Di solito succede con i precari, ma accade anche con personale di ruolo. Prima di 3 anni dopo l'assegnazione non si può chiedere l'avvicinamento e non ci sono sempre posti disponibili vicino a casa. Al Sud, in particolare, gli organici sono saturi e la denatalità impatta anche sull'occupazione nella scuola e non ci sono tante alternative lavorative quanto al Nord in particolare per le donne. «Se emigri a 20 o 25 anni tendi a stabilirti nel luogo dove vai per lavoro. Quando emigri che sei già sposato con figli e hai magari 40 anni è difficile gestire quelle situazioni: da una parte hai l'esigenza di portare a casa quel reddito, ma anche la copertura previdenziale, gli ammortizzatori sociali, la disoccupazione, dall'altra non puoi far spostare tutta la famiglia. Questo è un fenomeno di precarietà che non è limitato ai giovani, ma di persone che fanno sacrifici pazzeschi».

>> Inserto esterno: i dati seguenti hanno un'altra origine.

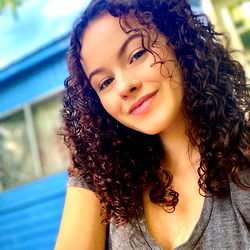 Momma, a young woman with curly hair, standing outdoors.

Ecco, forse la vita non è quella che ci raccontano. Il racconto sulla scuola italiana, zeppo di fumisterie giuridiche, di buoni propositi dei ministri che si avvicendano, di sperimentazioni avanguardistiche, di sigle incomprensibili ai non addetti ai lavori (apro un sito web di un IIS di Chioggia e trovo: PTOF, PI/PAI, RAV, RS e PDM, PNSD) procede spedito. Ma sotto il vestito, fuori dalla propaganda, dal supermercato pieno di Open day e dal Progettificio Continuo, la scuola vissuta è altro. Di tanto in tanto si apre uno spiraglio, poi si richiude e si torna a raccontare un’altra scuola che non ha niente a che fare e a che vedere con la scuola vera.